For this exercise, retype the lines from the one that holds "Children's Transparent Luminous" through the one that holds "Best Mom Ever Pink Marbled Ceramic Mug" in the records below, both included, exactly and without pictures.

_Supplied entries_
BEGIN

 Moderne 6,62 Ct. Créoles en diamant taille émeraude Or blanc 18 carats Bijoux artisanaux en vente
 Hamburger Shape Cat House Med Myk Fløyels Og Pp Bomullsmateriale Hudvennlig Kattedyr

END
BEGIN

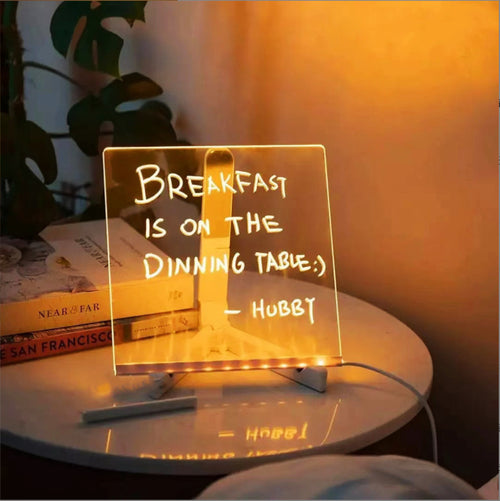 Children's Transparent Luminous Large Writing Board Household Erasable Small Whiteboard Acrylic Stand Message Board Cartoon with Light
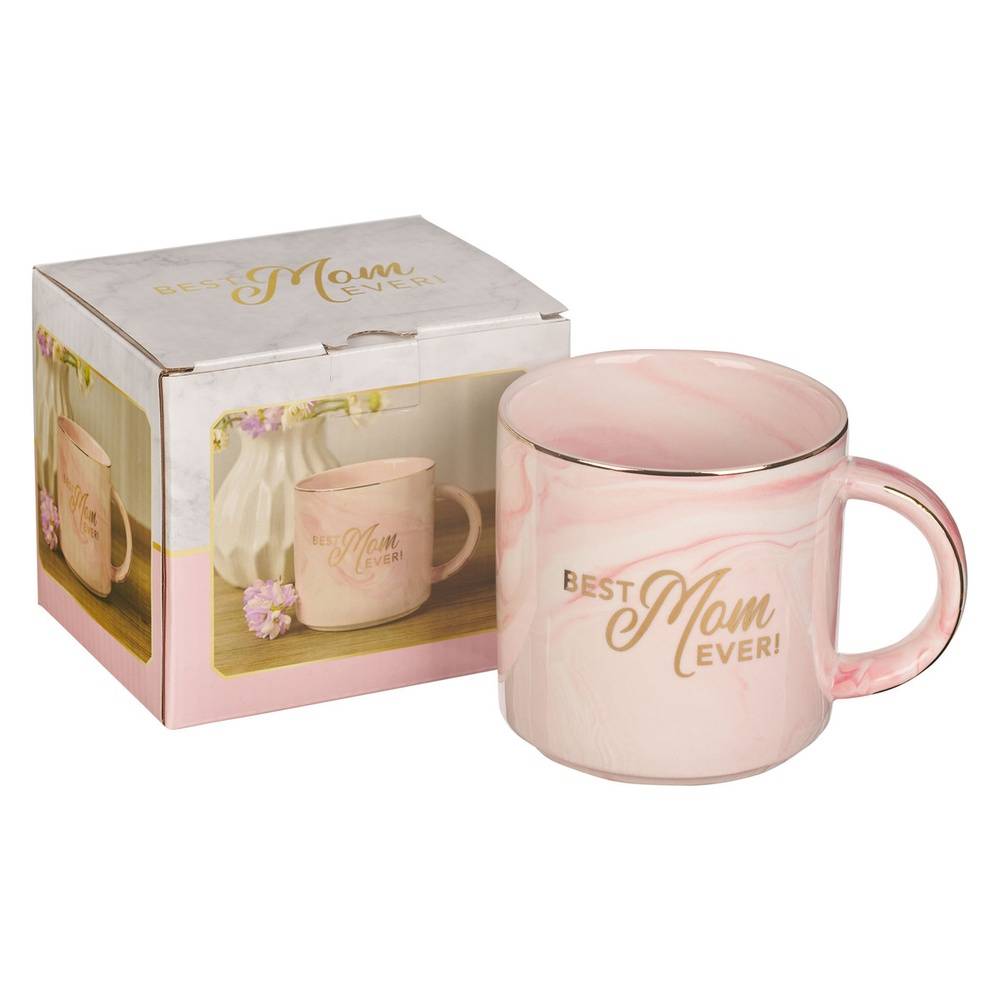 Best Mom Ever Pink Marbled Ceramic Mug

END

_Response_
 Children's Transparent Luminous Large Writing Board Household Erasable Small Whiteboard Acrylic Stand Message Board Cartoon with Light
 Best Mom Ever Pink Marbled Ceramic Mug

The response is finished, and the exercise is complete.